§ Task objective
Every entry below is to be copied exactly, apart from any picture it holds.

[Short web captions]
______________________________
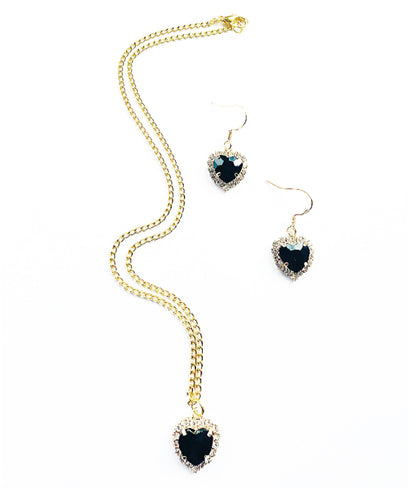 Black Heart Earrings & Necklace Set - High Maintenance Jewellery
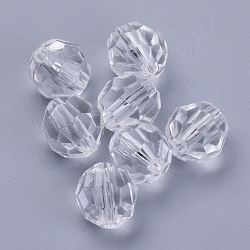 Perles en acrylique transparente, facette, ronde, clair, 18x17.5mm, Trou: 2.7mm, environ 155 pcs/500 g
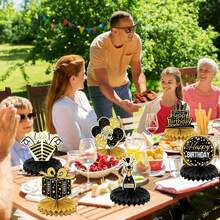 9Pcs Black Gold Happy Birthday Honeycomb Table Centerpieces Glitter Cake Crown Gift Box Champagne Balloon Star Cutouts Mult‑Age Birthday Party Table Decor Supplies - X260817E - View 8
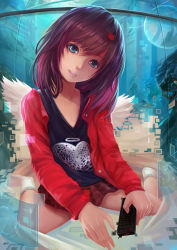 Rule 34 | &gt; &lt;, 1girl, absurdres, blue eyes, brown hair, controller, ensinn, closed eyes, hair ornament, halo, head tilt, highres, holographic interface, jacket, open mouth, original, remote control, shirt, sitting, solo, t-shirt, wariza, wings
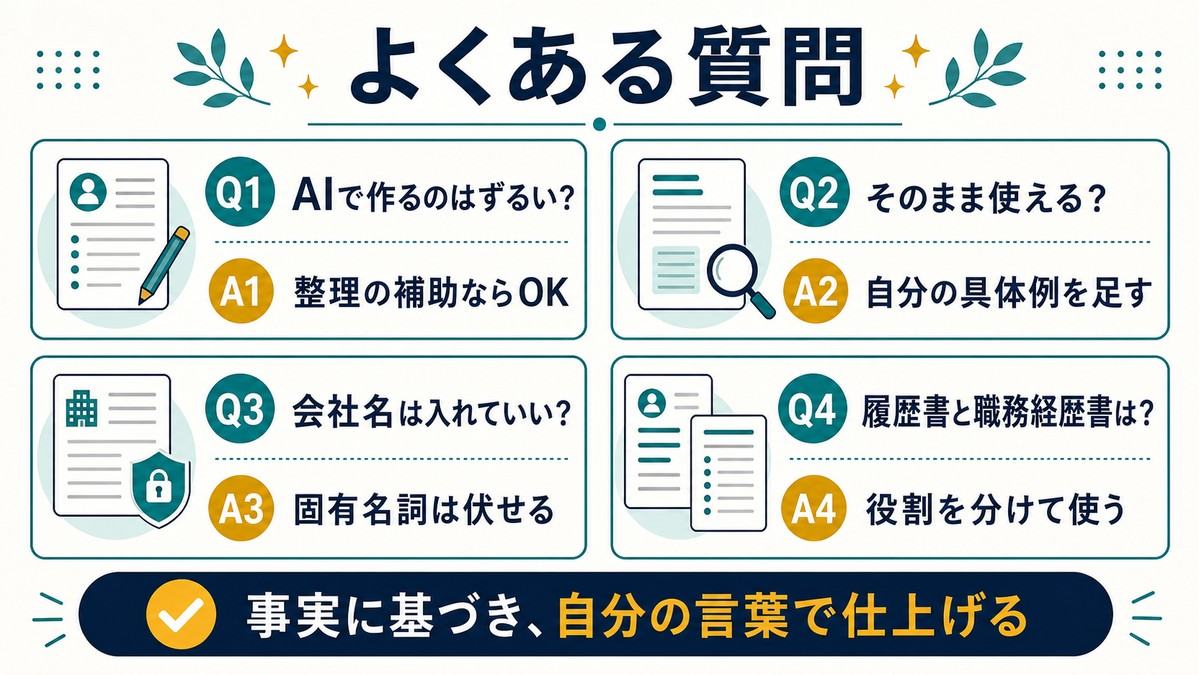 AIで応募書類を作る時のよくある質問として、AI利用はずるいか、そのまま使えるか、会社名の扱い、履歴書と職務経歴書の役割をまとめたFAQ図解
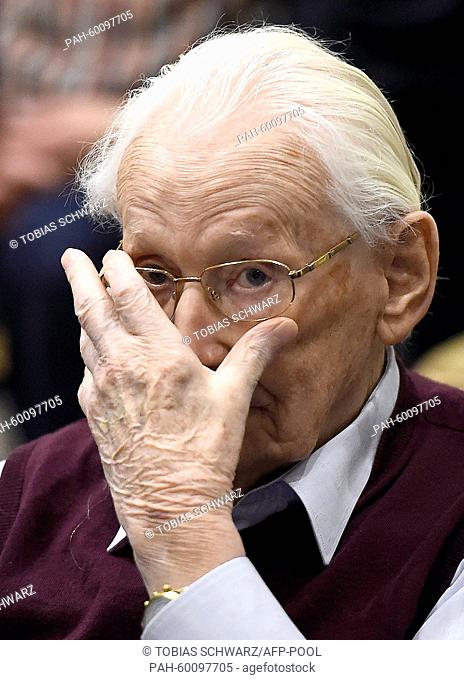 Defendant Oskar Groening waits for the verdict of his trial on July 15, 2015 at court in Lueneburg, northern Germany. Groening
______________________________
§ Result for this exercise
 Black Heart Earrings & Necklace Set - High Maintenance Jewellery
 Perles en acrylique transparente, facette, ronde, clair, 18x17.5mm, Trou: 2.7mm, environ 155 pcs/500 g
 9Pcs Black Gold Happy Birthday Honeycomb Table Centerpieces Glitter Cake Crown Gift Box Champagne Balloon Star Cutouts Mult‑Age Birthday Party Table Decor Supplies - X260817E - View 8
 Rule 34 | &gt; &lt;, 1girl, absurdres, blue eyes, brown hair, controller, ensinn, closed eyes, hair ornament, halo, head tilt, highres, holographic interface, jacket, open mouth, original, remote control, shirt, sitting, solo, t-shirt, wariza, wings
 AIで応募書類を作る時のよくある質問として、AI利用はずるいか、そのまま使えるか、会社名の扱い、履歴書と職務経歴書の役割をまとめたFAQ図解
 Defendant Oskar Groening waits for the verdict of his trial on July 15, 2015 at court in Lueneburg, northern Germany. Groening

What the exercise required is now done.